The participants will consist of the respective authors, one commentator on each paper, faculty members of the host institution, particularly those with expertise in comparative law and research, and others interested in attending. The overall group will be kept small enough to sit around a large table and to allow serious discussion (20 people maximum). The papers will not be presented at the workshop. They will be distributed two weeks in advance and every participant must have read them before attending the meeting. The commentator will present a 10 to 15 minute introduction and critique, leaving at least one hour for discussion. There are no plans to publish the papers. Instead, it is up to the authors to seek publication if, and wherever, they wish.
The Fourth Annual Comparative Law Workshop will take place on February 6-7, 2009 at Princeton University. The Workshop will be funded by the host school and by the American Society of Comparative Law (ASCL). Authors of papers and commentators from ASCL member schools will be reimbursed for their travel expenses and accommodation up to $600.00, in accordance with the ASCL reimbursement policy (as posted on its webpage), though only up to six authors and commentators will be reimbursed by the ASCL. (Princeton University will reimburse the remainder.) The ASCL’s policy provides that reimbursement is available only if the applicant cannot obtain reimbursement from his or her home school.
Interested authors should submit papers electronically to Kim Lane Scheppele (kimlane@Princeton.EDU) by December 31, 2008. We will inform them of our decision by early January, 2009. "Work in progress" means scholarship that has reached a stage at which it is substantial enough to merit serious discussion and critique but that has not yet appeared in print (although it may have been accepted for publication.
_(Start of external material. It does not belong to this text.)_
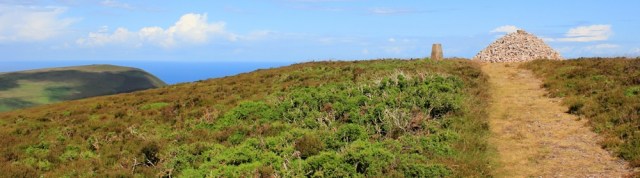 Holdstone Hill, Ruth walking north Devon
It includes law review articles, book chapters or outlines, substantial book reviews, and other appropriate genres.
Our objective is not only to provide an opportunity for the discussion of scholarly work but also to create an opportunity for comparative lawyers to get together for two days devoted to nothing but talking shop, both in the sessions and outside. We hope that this will create synergy that fosters more dialogue, cooperation, and an increased sense of coherence in a discipline badly in need of it.